La legge approvata dalla Camera arricchisce, precisa e riformula i testi formulati sinora. Rispunta il «bollino blu» di certificazione per i siti che non rientrano nell’obbligo di adeguamento ma che desiderano un riconoscimento di accessibilità. Si allarga molto l’orizzonte culturale della legge, fino a coinvolgere anche gli strumenti didattici e formativi. Viene esplicitamente chiarito che gli obblighi di accessibilità si baseranno sulle raccomandazioni dell’Unione Europea – la quale si rifà a sua volta al W3C – e vengono introdotte sazioni per i pubblici dipendenti che non si adegueranno alla legge. Ma andiamo con ordine.
Il «bollino blu» è definito dall’articolo 6. Si tratta di un «marchio o logo» che potrà essere utilizzato dai soggetti privati per certificare l’accessibilità dei siti Internet. I criteri di valutazione e le modalità di certificazione, nonché i costi dell’operazione, verranno definiti da un successivo regolamento emesso dal Dipartimento per l’innovazione e le tecnologie. Il bollino blu, nelle intenzioni del ministro Stanca che l’ha fortemente voluto, servirà a favorire l’introduzione di criteri di accessibilità anche nei privati senza renderne obbligatoria l’assunzione.
Entro tre mesi dall’entrata in vigore della legge, un decreto del ministro per l’innovazione stabilirà gli strumenti di validazione e i requisiti tecnici che dovranno essere osservati dalle pubbliche amministrazioni per la pubblicazione di siti Web. Nell’articolo 12 sono considerati come riferimenti principali per i requisiti tecnici le linee guida «indicate nelle comunicazioni, nelle raccomandazioni e nelle direttive sull’accessibilità dell’Unione europea, nonché nelle normative internazionalmente riconosciute», vale a dire le regole formulate all’interno dell’iniziativa WAI del Consorzio WWW.

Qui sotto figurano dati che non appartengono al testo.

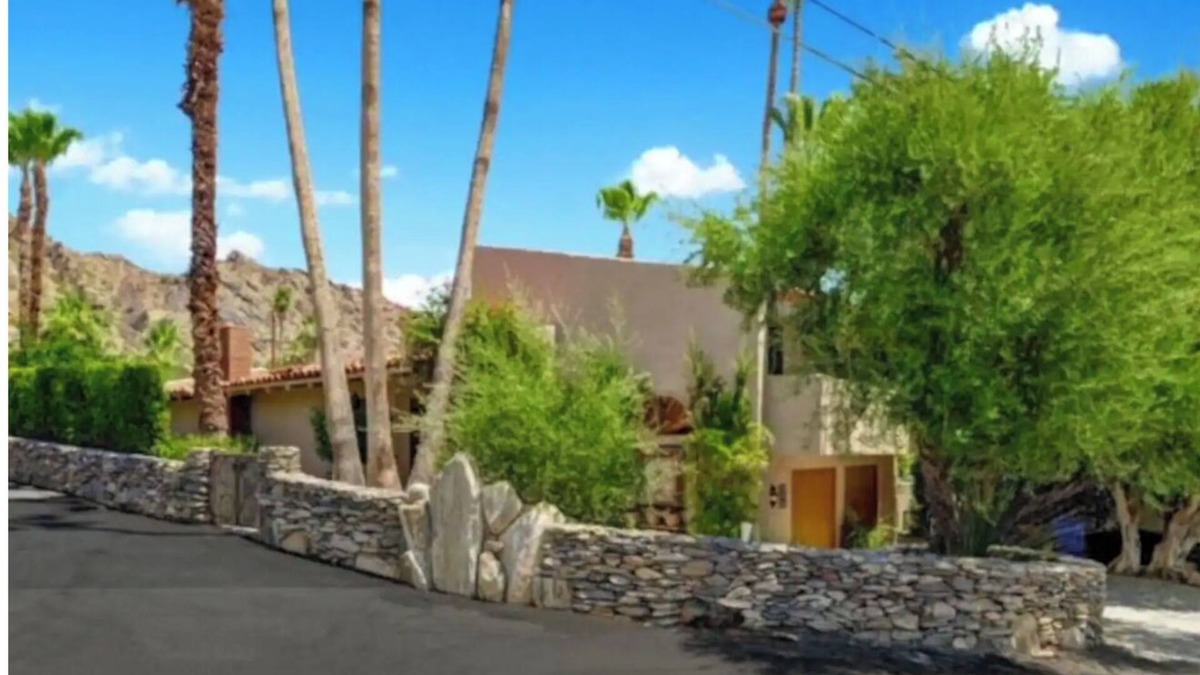 The Mesa House | Crestview Heights in The Mesa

Le sanzioni previste dalla legge sono di due tipi. La prima è di tipo disciplinare: i funzionari e dirigenti della pubblica amministrazione che non seguiranno le disposizioni della legge potranno essere rimossi dalla carica o censurati pubblicamente dalle strutture disciplinari. La seconda sanzione è di tipo economico: verranno dichiarati nulli tutti quei siti Web che non prevedono criteri di accessibilità.
Importante è anche il nuovo articolo 5 che prevede la fornitura di materiale formativo e didattico per scuole e università in formato accessibile e digitalizzato.

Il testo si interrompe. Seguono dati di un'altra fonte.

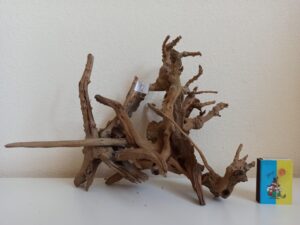 Композиція з коряг для акваріума #4. Азалія. Ціна 420 грн.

L’impianto definitivo della legge, di cui si aspetta una rapida approvazione anche in Senato, ha raggiunto un equilibrio fra le nove proposte depositate al Parlamento. La struttura di base resta quella del disegno di Legge del ministro Stanca, ma novità e apporti fondamentali sono stati forniti anche dagli altri attori che hanno partecipato alla stesura. L’unanimità pressoché totale con la quale sono stati accolti tutti gli articoli ne è la prova principale.
Non mancano i punti per i quali si sarebbe potuto chiedere qualcosa di più. Primo fra tutti la scarsa copertura finanziaria di cui gode la legge. Il testo approvato non prevede nessun onere di spesa specifico per il governo, se non «nell’ambito della disponibilità di bilancio», e gli emendamenti che proponevano defiscalizzazioni per chi adeguerà le tecnologie informatiche e telematiche a criteri di accessibilità sono stati lasciati cadere durante l’esame in aula. Stessa sorte per gli emendamenti che chiedevano un impegno finanziario esplicito da parte del governo.
Unica divisione nelle votazioni si è avuta nell’ordine del giorno che impegnava il governo a seguire, esplicitamente, gli standard internazionali dettati dal W3C in quanto gli unici accettati dall’Unione Europea. La proposta, mossa da esponenti del centro-sinistra, è stata respinta dalla Camera con 192 voti contrari e 164 favorevoli. Il ministro Stanca ha precisato che «la legge deve essere indipendente dalle tecnologie». Contro la proposta, fatto curioso, ha votato anche Antonio Palmieri, primo firmatario della proposta di legge che per prima aveva introdotto, in modo radicale, la subordinazione ex lege delle regole di accessibilità dello Stato italiano ai regolamenti tecnici del W3C.